I have an app on my phone called Oblique Strategies. It’s the digital version of a card-based method for promoting creativity that was jointly created by Brian Eno and Peter Schmidt in the mid 70s. Subtitled “Over One Hundred Worthwhile Dilemmas,” it was intended to help artists (musicians at the time) break creative blocks by encouraging lateral thinking (an indirect approach to problem solving that uses reasoning in ways that are not immediately obvious and involves ideas that may not be obtainable using step-by-step logic).
Once in a while I tap it. The screen on my phone goes black and a few seconds later small white words appear, as if floating, in the center. I just did it while typing this last sentence and the sentence that appeared was “You are an engineer.”

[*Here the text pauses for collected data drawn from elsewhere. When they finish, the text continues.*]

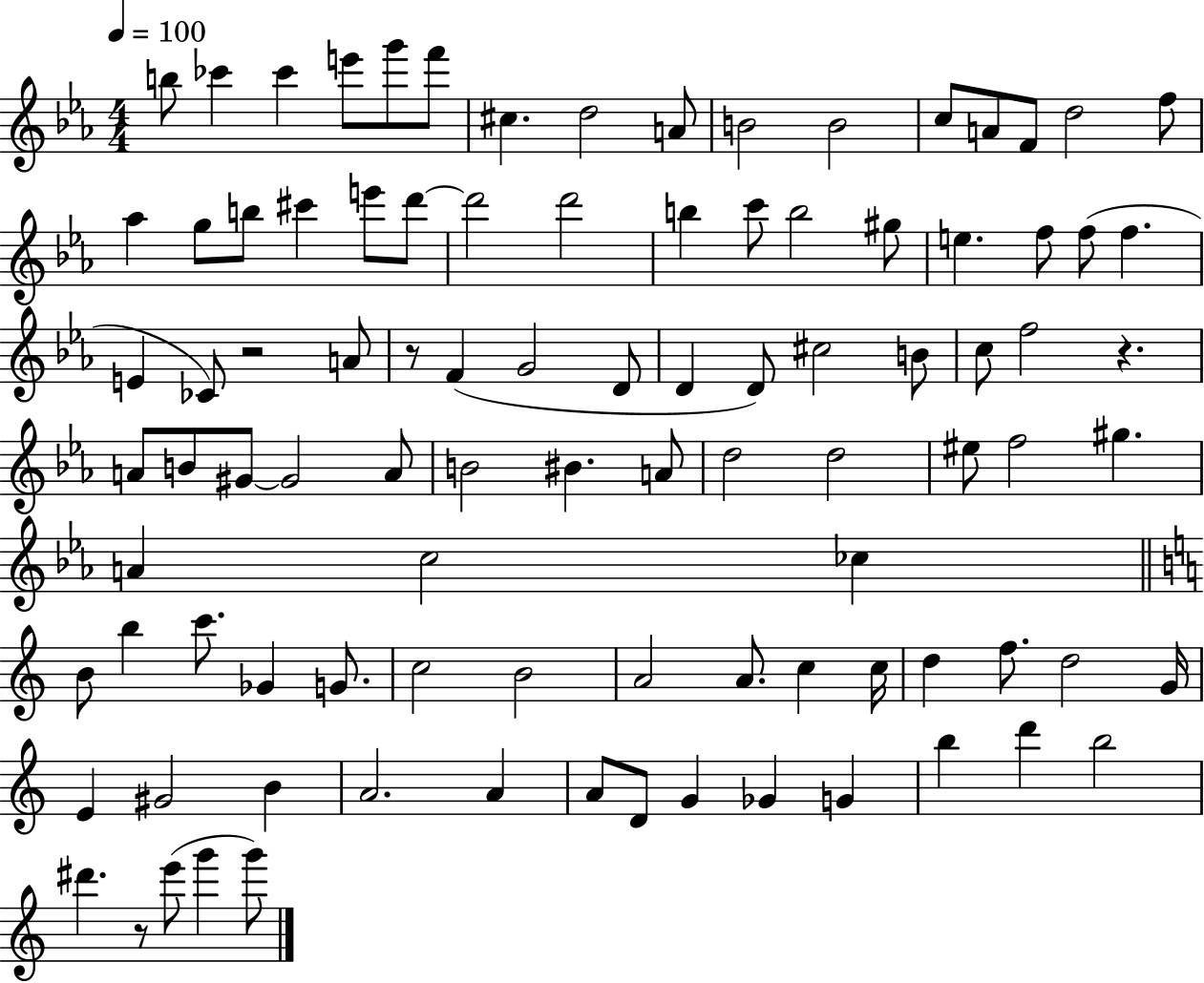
X:1
T:Untitled
M:4/4
L:1/4
K:Eb
b/2 _c' _c' e'/2 g'/2 f'/2 ^c d2 A/2 B2 B2 c/2 A/2 F/2 d2 f/2 _a g/2 b/2 ^c' e'/2 d'/2 d'2 d'2 b c'/2 b2 ^g/2 e f/2 f/2 f E _C/2 z2 A/2 z/2 F G2 D/2 D D/2 ^c2 B/2 c/2 f2 z A/2 B/2 ^G/2 ^G2 A/2 B2 ^B A/2 d2 d2 ^e/2 f2 ^g A c2 _c B/2 b c'/2 _G G/2 c2 B2 A2 A/2 c c/4 d f/2 d2 G/4 E ^G2 B A2 A A/2 D/2 G _G G b d' b2 ^d' z/2 e'/2 g' g'/2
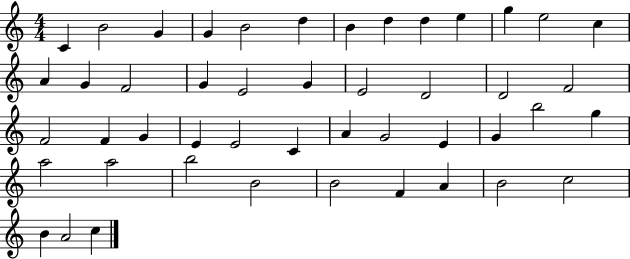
C4/q B4/h G4/q G4/q B4/h D5/q B4/q D5/q D5/q E5/q G5/q E5/h C5/q A4/q G4/q F4/h G4/q E4/h G4/q E4/h D4/h D4/h F4/h F4/h F4/q G4/q E4/q E4/h C4/q A4/q G4/h E4/q G4/q B5/h G5/q A5/h A5/h B5/h B4/h B4/h F4/q A4/q B4/h C5/h B4/q A4/h C5/q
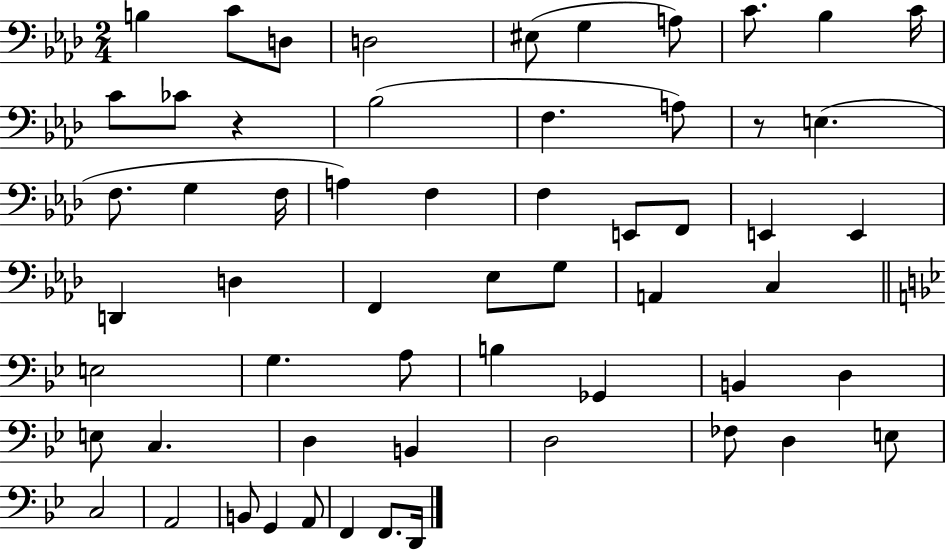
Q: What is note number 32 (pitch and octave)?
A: A2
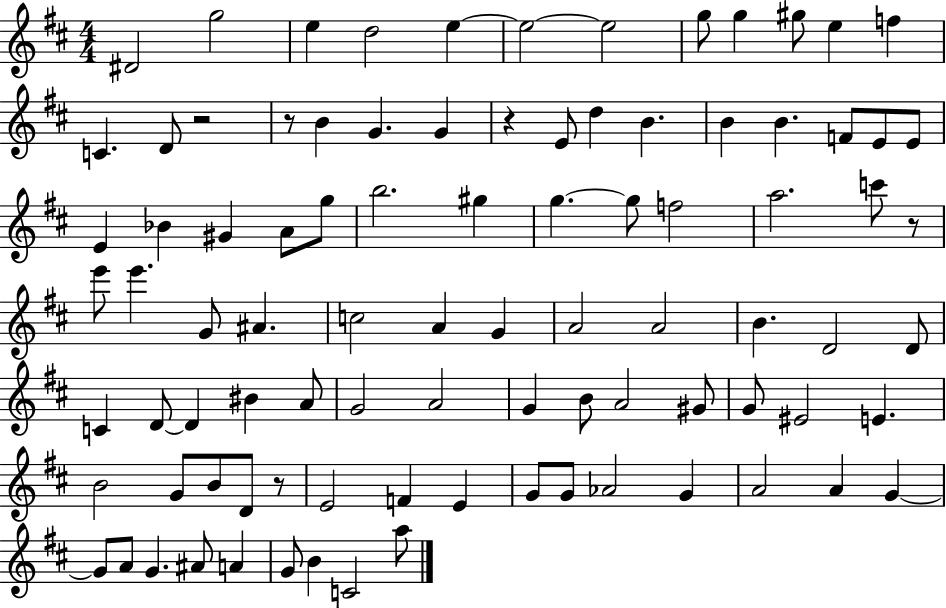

One of my favorite oblique strategies were the words “Start differently,” which came to me last summer while I was wrestling with a painting in my studio. It seemed counter-intuitive to me at the time because I had developed a very specific style of working, of building a painting, that was process-driven and negated certain kinds of decision making. I was (and still am) attached to this way of working, but there was my oblique strategy offering me an alternative possibility for approaching my work. I tucked the idea away in the back of my mind where it floated, just like the words on my screen, occasionally to the surface.
In August, a friend of mine passed away. Henry was also an artist, one who had been at it much longer than myself, and I interviewed him for a short essay titled The Wave of Creativity published in Maine Art Journal the summer of 2018. After a gathering in his memory, I revisited that article. I found myself wishing I had pushed him more on how he used photography in his work to help him solve problems, but it still felt good to read his words and to remember how just as the idea for the article was coming together, I bumped into him and we had stood long past the end of my lunch break chatting about art making and the creative process, him with his ever present scarf and his stuffy nose and the torrent of f-bombs he was prone to dropping on a dime.
Just below the section about Henry’s work, was my interview with painter Ingrid Ellison. I remember that I found her candor about the artistic process refreshingly honest: “Frequently she experiences a period in which she feels as though she has explored all her options in a particular body of work and were she to continue, she would begin repeating herself. This is usually followed by a series of unsuccessful paintings that she keeps making until something new reveals itself, and then she is off following that tangent. It’s a very experimental phase, she says, and one of her tricks to moving through it is to force herself to start differently.” There it was again. Sometimes we need to hear the same thing over and over before it breaks through our resistances.
I frequently advise students of my most important rule, one I first heard from my friend Kim Bernard in a workshop many moons ago, ‘no masterpieces.’ When students spend time in class trying to make a great painting, they miss the opportunity for a pure exploration of materials and process. It’s a hard rule to observe. There is so much satisfaction in resolving a piece; in having something to show for your efforts. But if one can stay in beginners mind, if one hold the question “what if” in their minds, they can have an experience that is more deeply satisfying over the long terms than the immediate gratification of finishing a painting.
From time to time in the studio, I practice this myself. I tell myself to forget about the value of the materials I am working with and to forget, too, the pressure to make work for upcoming exhibitions. I place a panel on the table in front of me and I start differently.